ASSIGNMENT
Show the lines below that contain the string "Sport".

EXTRACTED ENTRIES
# # # # # # #

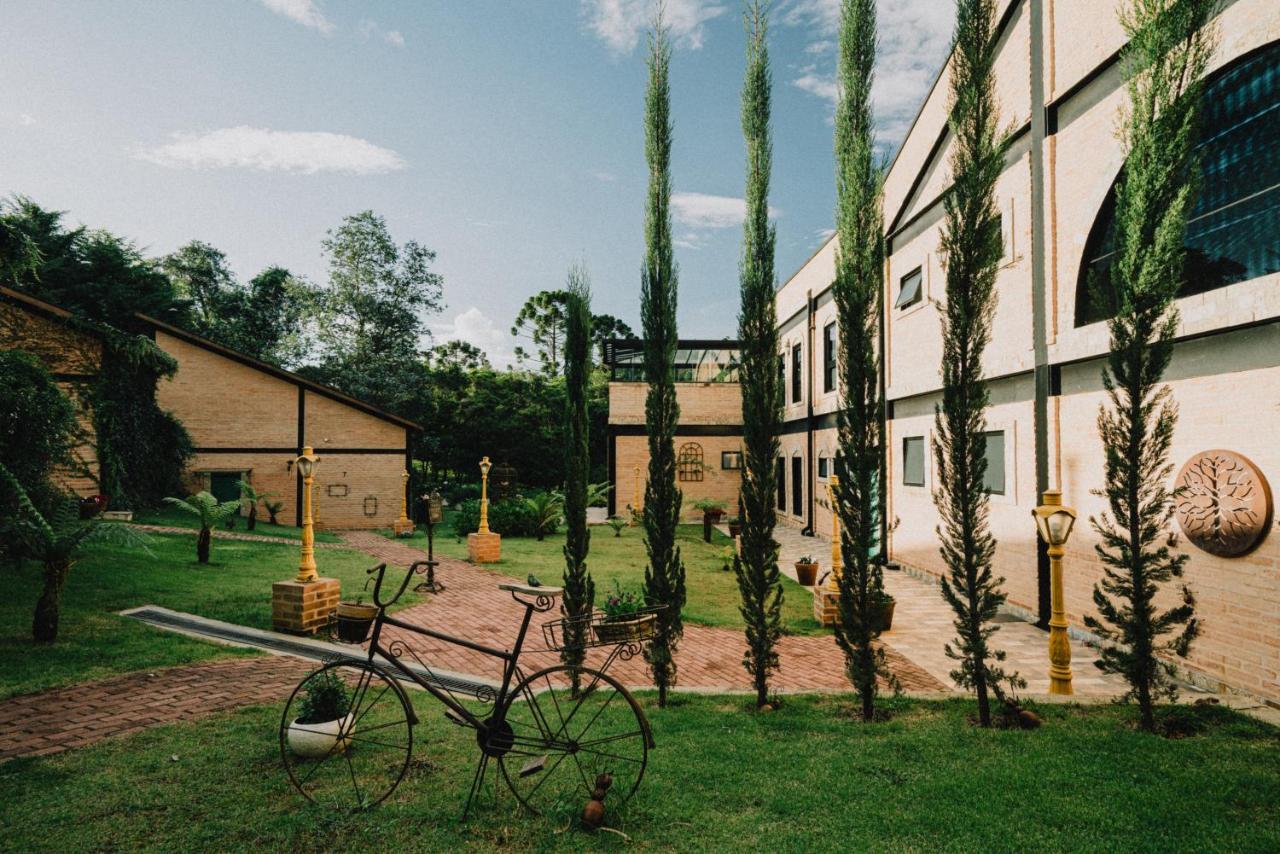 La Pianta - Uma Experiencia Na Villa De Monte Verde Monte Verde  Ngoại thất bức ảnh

# # # # # # #

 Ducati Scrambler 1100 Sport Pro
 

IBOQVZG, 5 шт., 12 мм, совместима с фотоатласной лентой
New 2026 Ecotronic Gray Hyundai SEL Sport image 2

# # # # # # #

FINAL ANSWER
 Ducati Scrambler 1100 Sport Pro
New 2026 Ecotronic Gray Hyundai SEL Sport image 2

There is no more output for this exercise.